# Background Checks for Riders



## Defensive Driver (Aug 27, 2019)

Riders need to get their Background Checks and mandatory Pictures on their Profile for Drivers to see. Too many idiotic Riders and fraudulent claims from them about picking up wrong person. I don't understand how full time drivers put up with Uber BS. You do good things for them and they repeatedly crap in your mouth. 

I picked up a lady who was on her very first Uber ride. She said she didn't fully know how the app worked. So I explained her a few things about it. Then she checked my profile out. I have high ratings, diamond driver status and I was a SAFE driver. She put a emphasis on SAFE. So I told her how it would be nice for the Drivers to pick up only Safe Riders and background checks on Riders. She sounded offended and stopped talking to me. I gave her a 1 Star. Welcome to Uber. 

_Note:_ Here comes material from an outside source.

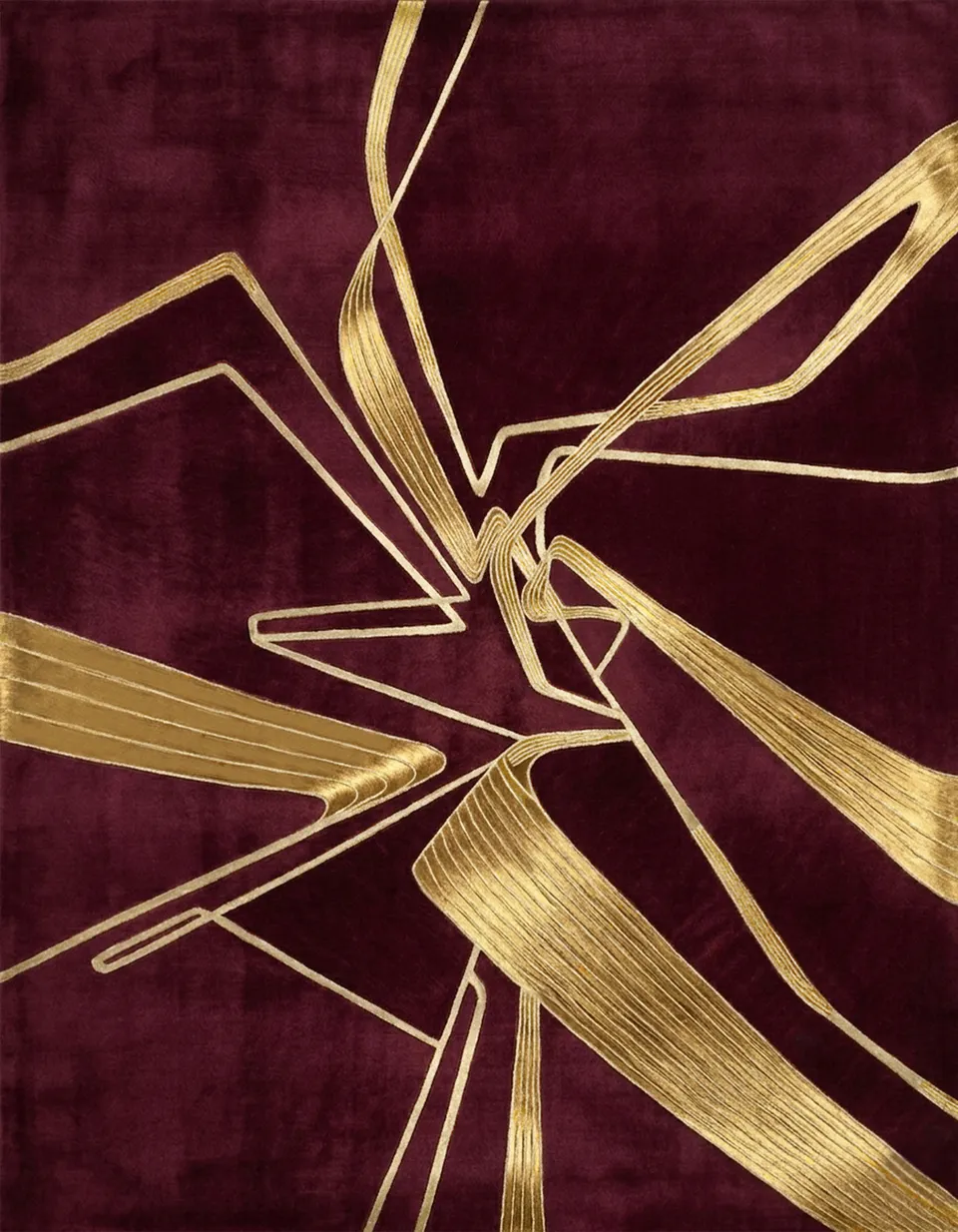 illulian-perspective-01-tappeto-limited-edition-versione-f-gold-burgundy image 1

I also had a couple talking to me about sexual assaults on Uber. I told them I have more chances of getting Sexually Assaulted by Riders. This is statistically correct. They sounded confused. I asked them how many Uber rides they do a week. They told me about 5. I told them I do 60-80 rides a week. So yes. I have more chance of getting Sexually Assaulted by a rider. Numbers don't lie. 

Never do a Pickup on a lone female. Always have you camera on. Follow the State Laws on Self Protection and never pick up a Nickname Saggy pants loser!


----------



## 1.5xorbust (Nov 22, 2017)

That poor woman has a rating of 1.0 now. She’ll never be able to get another ride.


----------



## Defensive Driver (Aug 27, 2019)

1.5xorbust said:


> That poor woman has a rating of 1.0 now. She'll never be able to get another ride.

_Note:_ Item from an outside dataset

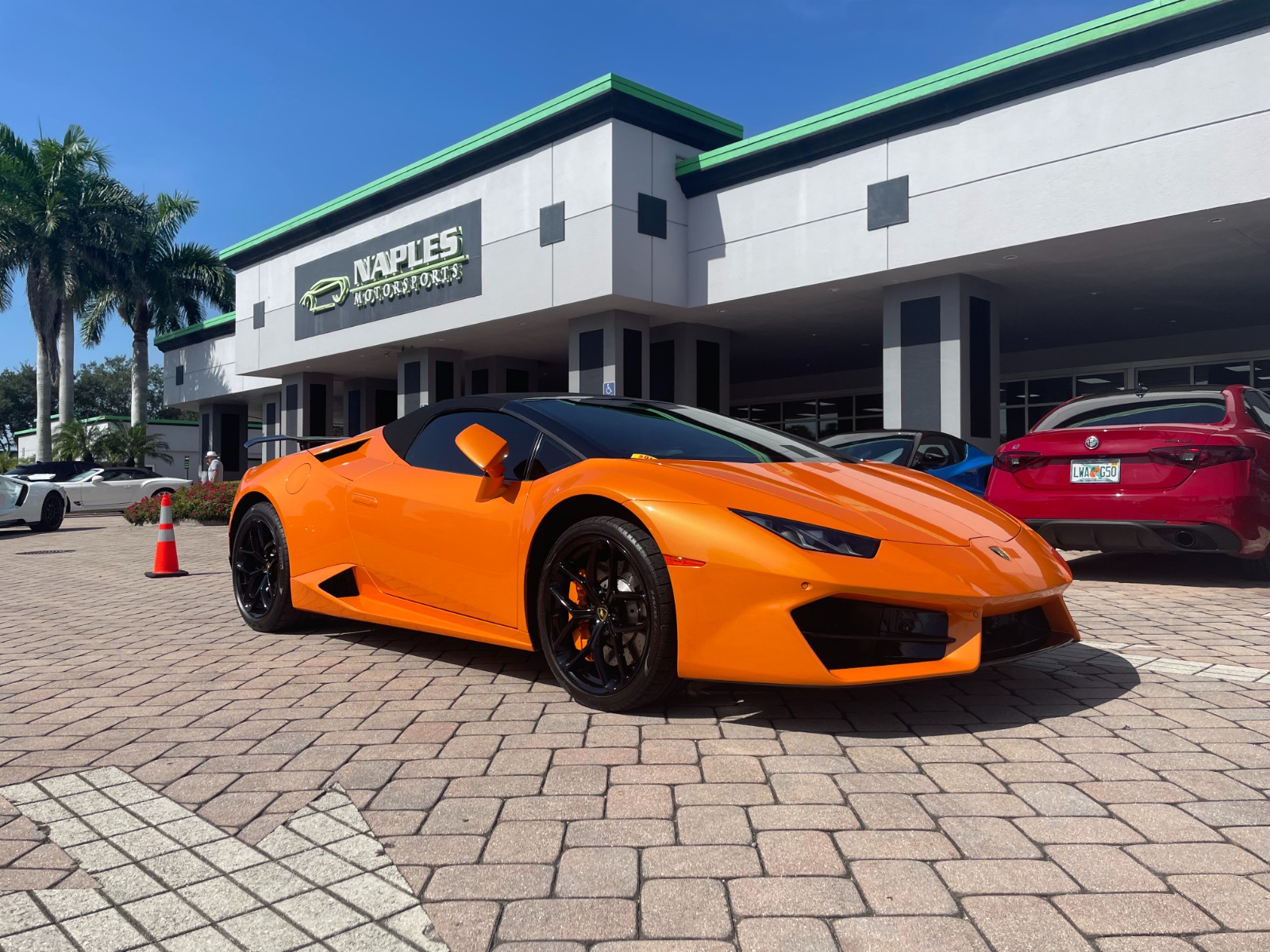 Used 2017 Lamborghini Huracan LP 580-2 Spyder for sale Sold at Naples Motorsports Inc - Morgan of Naples in Naples FL 34104 1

I have picked up loser Riders with very low ratings before. She'll be fine. Can you be a loser driver with low ratings from your cute little stars?


----------



## The queen 👸 (Jan 2, 2020)

I asked the same question to dara on his twitter page on every tweet he post. He blocked me 2 weeks ago. 😂.


----------



## wallae (Jun 11, 2018)

The queen &#128120; said:


> I asked the same question to dara on his twitter page on every tweet he post. He blocked me 2 weeks ago. &#128514;.

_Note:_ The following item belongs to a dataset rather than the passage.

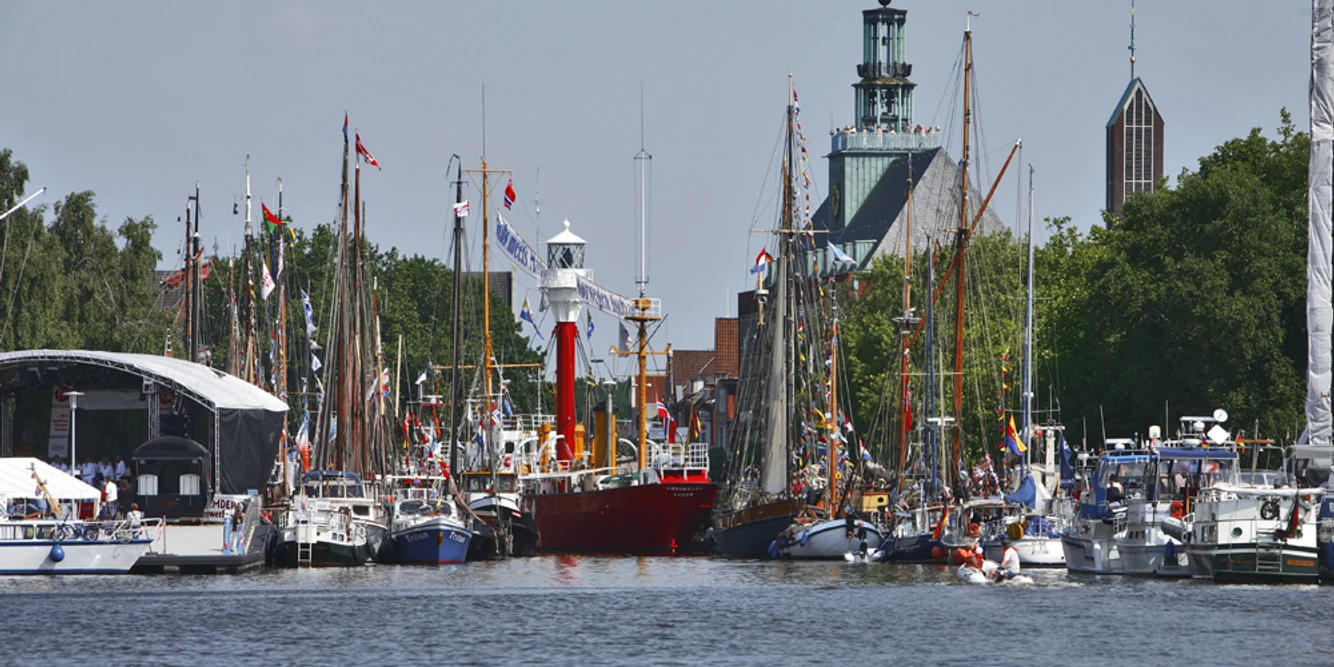delftfest_emden Blick auf den Delft während des Delftfests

He gets 45 million off our backs

Again, I refuse to drive at base rate.


----------



## Trafficat (Dec 19, 2016)

We don't want background checks on riders. The criminal underworld is a significant portion of the customer base. Revenues would go way down.


----------



## Wildgoose (Feb 11, 2019)

Why? Riders supposed to wait minimum 7 days to get a ride? Who wants to give up their SSN for the service they have to pay?
Will you?


----------